Minnesota State chancellor talks training for jobs

GRANITE FALLS – Minnesota State Chancellor Devinder Malhotra made a stop at the Minnesota West Granite Falls Campus Wednesday to talk to area education representatives about the importance of partnering with local businesses to train tomorrow’s employees.

Malhotra spoke of the Launch Your Future Today (LYFT) Career Pathways project that is in its infancy in this community and technical college system. It began with site tours in 2014, followed by attempts at legislative funding in 2015 and 2016 and the pilot program went operational in the 2016-17 school year.

In 2018 a LYFT Application for Funds was developed and made available to school districts (and their partners) that are members of the SWWC, Minnesota West Carl Perkins Consortium, or the Mid-Minnesota Carl Perkins Consortium, the LYFT web page says.

Funding for LYFT comes from a $3 million grants from the 2017 Minnesota Legislative session that will run through June 30, 2022. Grants up to $50,000 are available to school, business and college partners on a rolling application cycle, the Project Overview said. LYFT funding is available to high schools (and their partners) to develop shared career and technical education (CTE) courses and programs. 

“This (project) is wide-ranged, very rare and very very special,” Malhotra said. “It’s what Minnesota needs. Thank you for being a trailblazer. As large as the impact is, we need to do more.”

Malhotra said that the basic purpose of the visit was to find out how the community and technical colleges could sustain and enhance programs like LYFT.

LYFT is a rural career and technical education (CTE) pathway initiative with the purpose of rebuilding CTE in southwest and west central Minnesota. The goal of LYFT Career Pathways is to gain marketable skills through meaningful CTE courses and opportunities, which lead to further education and careers that match, not just our region’s labor market needs, the Project Overview said.

“We want to be for you and of you, not just to be a part of your community,” Malhotra said.

Malhotra said that two-thirds of the students graduating from the 37 Minnesota colleges did so from two-year colleges and 75 percent of those students graduated to careers in technical jobs. Programs like LYFT can help the students choose careers in industries that could help them stay in this area if they wanted.

“What are the gaps?” he asked. “I want to work with your president to provide what you need. We’re developing scholarship programs to help (students) compete. We’re also working to see if these scholarships can be supplemented.”

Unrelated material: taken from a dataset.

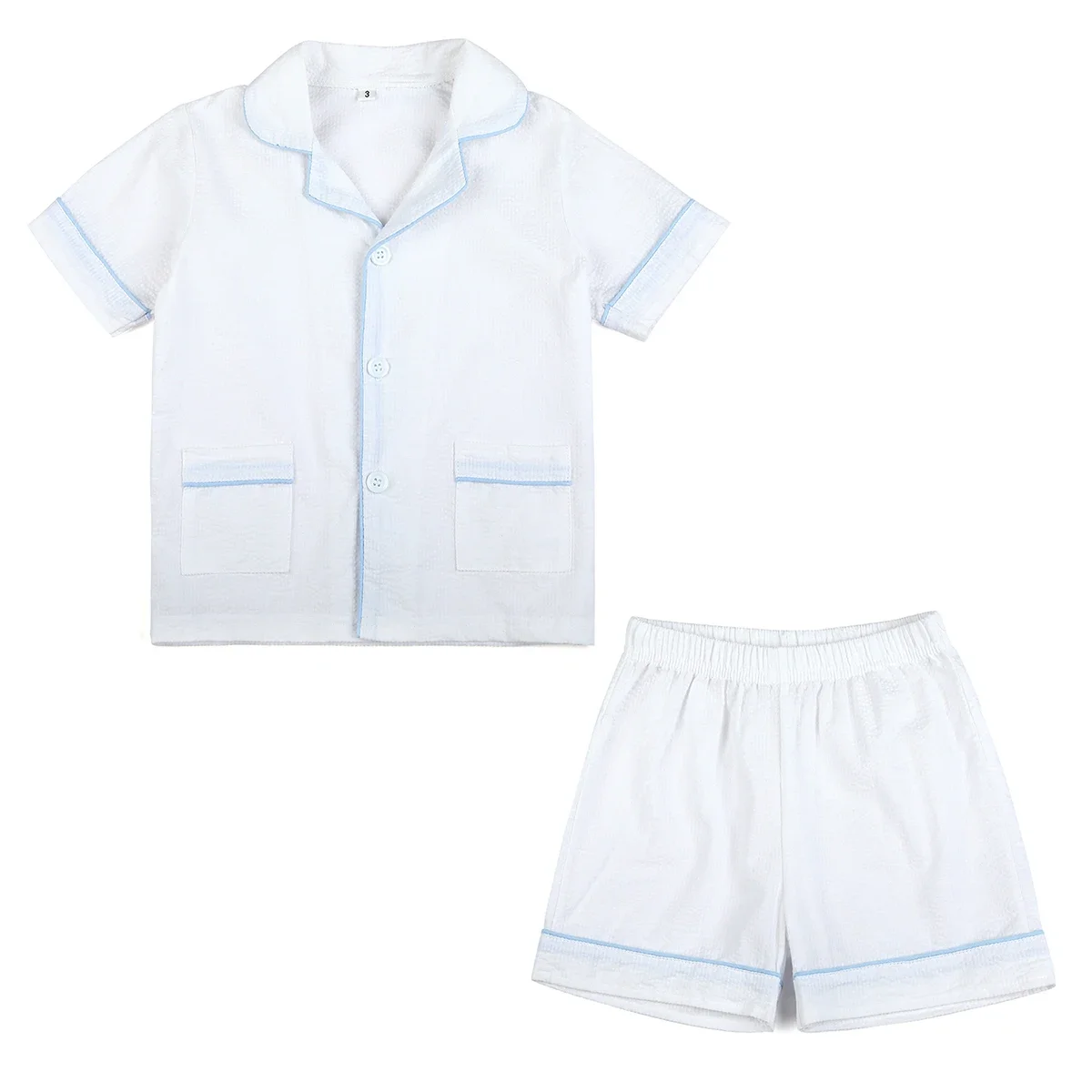 Color: Gold,  Kid Size: 4T - Ruffkids 100% Cotton Summer Kids Pajamas Sleepwear Seersucker Striped Matching Pjs Boys Clothes Loungewear Girls Pyjamas Set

Sen. Bill Weber, (R) District 22, asked Malhotra if the project was helping to reach parents with the value of a two-year degree. Malhotra said that it’s a work in progress. The knowledge content has gone up, but they need to talk more about the two-year degrees so that parents and students are making informed decisions.

“These students are a great example of getting the information out,” Malhotra said of three participating students who spoke at this event, sharing with the chancellor and others in attendance what classes they are taking and what they are learning in addition to the vocational jobs, including employability and ethics.

Employers’ needs are always changing, especially as technology changes, Malhotra said, “We can’t teach students everything. They need to know in four years new jobs will be coming that we haven’t even heard of yet.”

Also speaking were: Minnesota West Community and Technical College President Terry Gaalswyk, Southwest West Central Executive Director Cliff Carmody and others representing Regional Partnerships Advancing Career and Technical Education.

Also attending were local legislators Rep. Chris Swedzinski (R) District 16A, Granite Falls Mayor Dave Smiglewski, area superintendents and representatives from various service cooperatives.

The LYFT service area includes 18 counties of Southwest and West Central Minnesota (regions 8, 6E and 6W), all members of the Southwest West Central Service Cooperative (SWWC), the Minnesota West Carl Perkins Consortium and the Mid-Minnesota Carl Perkins Consortium, the Project Overview said.